COLUMN: Cam Newton’s comments reflect the sexism problem in sports journalism
“It’s funny to hear a female talk about routes.”
Some online troll didn’t say it.
Carolina Panthers quarterback Cam Newton said this to Charlotte Observer reporter Jourdan Rodrigue during a press conference.
She asked a straightforward question about wide receiver Devin Funchess and his passing routes.
Rodrigue later tweeted, “I don’t think it’s ‘funny’ to be a female and talk about routes. I think it’s my job.”
Newton was rightfully admonished on social media and in the press for his sexist comments, and even though he later gave a public apology, his private conversation with Rodrigue was anything but.
When Rodrigue confronted Newton after the press conference he did not apologize. He instead questioned her ability to know passing routes.
It’s her job to know. She wouldn’t have her job title if she wasn’t qualified and didn’t understand the game.
How could he have thought it was ok to say those things?
Unfortunately, his comments reflect the larger, more pervasive sexism in sports journalism.
This problem is nothing new.
In 1977, Sports Illustrated writer Mellissa Ludtke was denied access to the locker room during the World Series for being a woman. She sued the Major League Baseball commissioner, Bowie Kuhn, and won. Her case established equal access for women in MLB locker rooms.
In 1990, former Detroit Tigers pitcher Jack Morris said in regards to being interviewed by women, “I don’t talk to women when I am naked unless they are on top of me.”
In 1990, Lisa Olson, a Boston Herald reporter, was sexually harassed by several players making vulgar comments and gestures in the New England Patriots locker room.
Olson accused Zeke Mowatt, Robert Perryman and Michael Timpson of sexually harassing her. She sued the team and later settled.

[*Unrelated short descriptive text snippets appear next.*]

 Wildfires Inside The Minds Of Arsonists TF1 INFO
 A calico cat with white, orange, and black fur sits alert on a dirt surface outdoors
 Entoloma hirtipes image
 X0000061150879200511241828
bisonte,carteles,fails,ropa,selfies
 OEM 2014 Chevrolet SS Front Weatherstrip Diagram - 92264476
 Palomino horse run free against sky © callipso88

Even though this was considered a watershed moment in sports journalism for women, the problem continues.
Today, it’s not just athletes — it’s the fans too.

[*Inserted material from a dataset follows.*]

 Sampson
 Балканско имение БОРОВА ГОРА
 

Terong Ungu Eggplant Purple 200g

Sarah Spain, an ESPN writer, once received a tweet from a male fan saying, “I hope your boyfriend beats you.”
If I wanted to make note of every time a woman was harassed by fans or players, I’d never be able to end this column. The list of examples I could put are staggering.
I know if I received this kind of treatment, I wouldn’t continue in sports journalism.
The incredible thing is, women face it every day and persist.
Their goal is to do a job they love and instead are bashed by athletes and fans because of their gender.
Being verbally harassed based on your gender is awful and there’s not one clear way to fix this problem.
Society needs to change, athletes need to change and even the athletes’ sponsors need to change.
When athletes say something sexist or misogynistic, don’t be so quick to forgive them. Newton humiliated a journalist for asking a question.
His apology means nothing because his comments were never really about knowing routes.